C711S006000, C711S163000, C711S203000, C711S206000, C709S241000, C709S241000, C710S006000

Reexamination Certificate

active

06658522

ABSTRACT:

FIELD OF INVENTION
The present invention relates to operating systems for multi-processor computer systems and more particularly to a system and method for an input/output (I/O) operation of a multi-processor computer system, more specifically a system and method for an I/O operation in which a system wide global PFD lock is not a requisite to performing the I/O operation.
BACKGROUND OF THE INVENTION
Many current computer systems employ a multi-processor configuration that includes two or more processing units interconnected by a bus system and each being capable of independent or cooperative operation. Such a multi-processor configuration increases the total system processing capability and allows the concurrent execution of multiple related or separate tasks by assigning each task to one or more processors. Such systems also typically include a plurality of mass storage units, such as disk drive devices to provide adequate storage capacity for the number of task executing on the systems.
One type of multi-processor computer system embodies a symmetric multiprocessing (SMP) computer architecture which is well known in the art as overcoming the limitations of single or uni-processors in terms of processing speed and transaction throughput, among other things. Typical, commercially available SMP systems are generally “shared memory” systems, characterized in that multiple processors on a bus, or a plurality of busses, share a single global memory or shared memory. In shared memory multiprocessors, all memory is uniformly accessible to each processor, which simplifies the task of dynamic load distribution. Processing of complex tasks can be distributed among various processors in the multiprocessor system while data used in the processing is substantially equally available to each of the processors undertaking any portion of the complex task. Similarly, programmers writing code for typical shared memory SMP systems do not need to be concerned with issues of data partitioning, as each of the processors has access to and shares the same, consistent global memory.
There is shown in
FIG. 3
a block diagram of an exemplary multiprocessor system that implements a SMP architecture. For further details regarding this system, reference shall be made to U.S. Ser.
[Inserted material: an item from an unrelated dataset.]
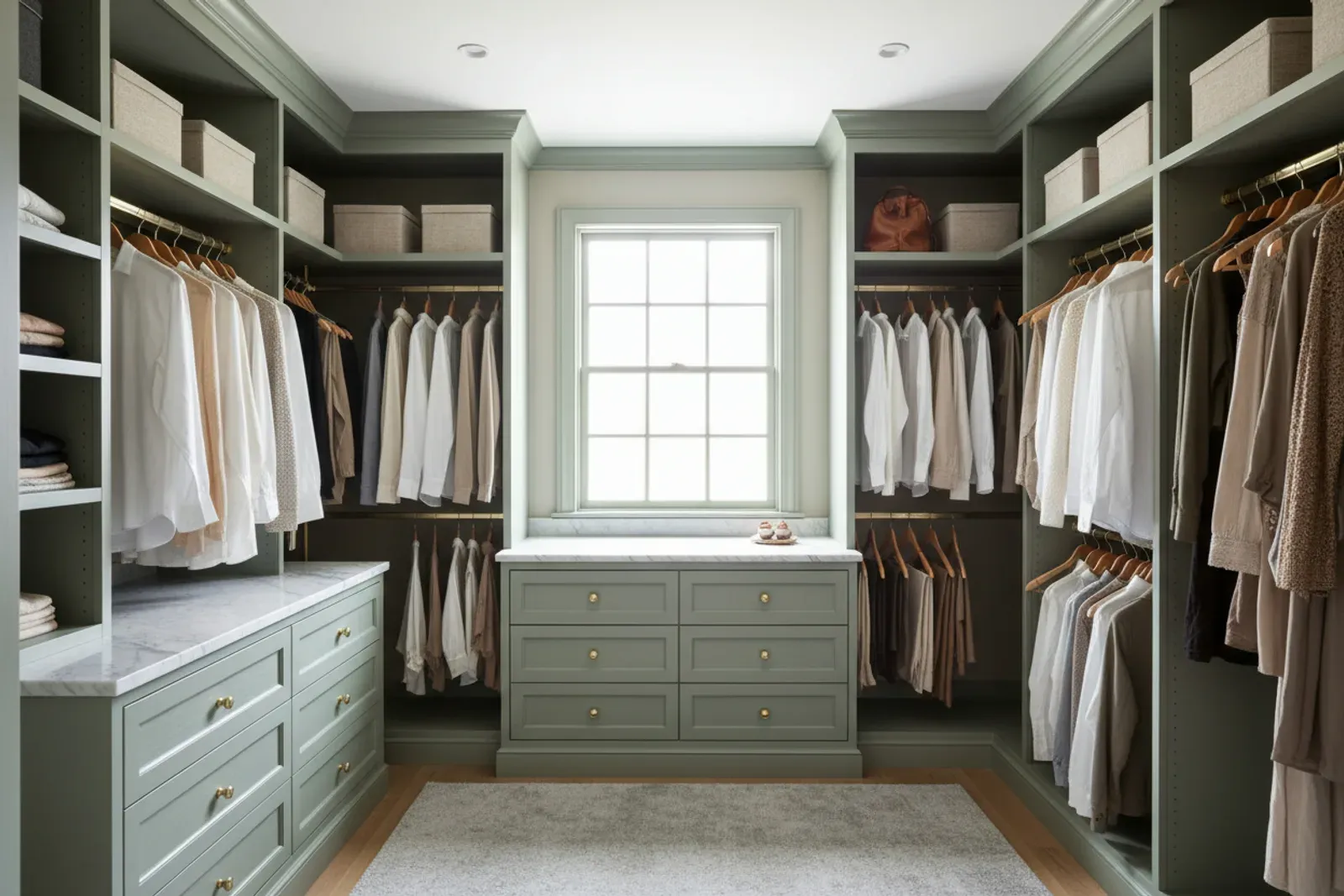 Walk-in closet of wood shelving, hanging rods and drawer banks in painted sage green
No. 09/309,012, filed Sep. 3, 1999, the teachings of which are incorporated herein by reference.
Another computer architecture known in the art for use in a multi-processor environment is the Non-Uniform Memory Access (NUMA) architecture or the Cache Coherent Non-Uniform Memory Access (CCNUMA) architecture, which are known in the art as being an extension of SMP but which supplants SMPs “shared memory architecture.” NUMA and CCNUMA architectures are typically characterized as having distributed global memory. Generally, NUMA/CCNUMA machines consist of a number of processing nodes connected through a high bandwidth, low latency interconnection network. The processing nodes are each comprised of one or more high-performance processors, -associated cache, and a portion of a global shared memory. Each node or group of processors has near and far memory, near memory being resident on the same physical circuit board, directly accessible to the node's processors through a local bus, and far memory being resident on other nodes and being accessible over a main system interconnect or backbone. Cache coherence, i.e. the consistency and integrity of shared data stored in multiple caches, is typically maintained by a directory-based, write-invalidate cache coherency protocol, as known in the art. To determine the status of caches, each processing node typically has a directory memory corresponding to its respective portion of the shared physical memory. For each line or discrete addressable block of memory, the directory memory stores an indication of remote nodes that are caching that same line.
There is shown in
FIG. 4
a high level block diagram of another exemplary multiprocessor system but which implements a CCNUMA architecture. For further details regarding this system, reference shall be made to U.S. Pat. No. 5,887,146, the teachings of which are incorporated herein by reference.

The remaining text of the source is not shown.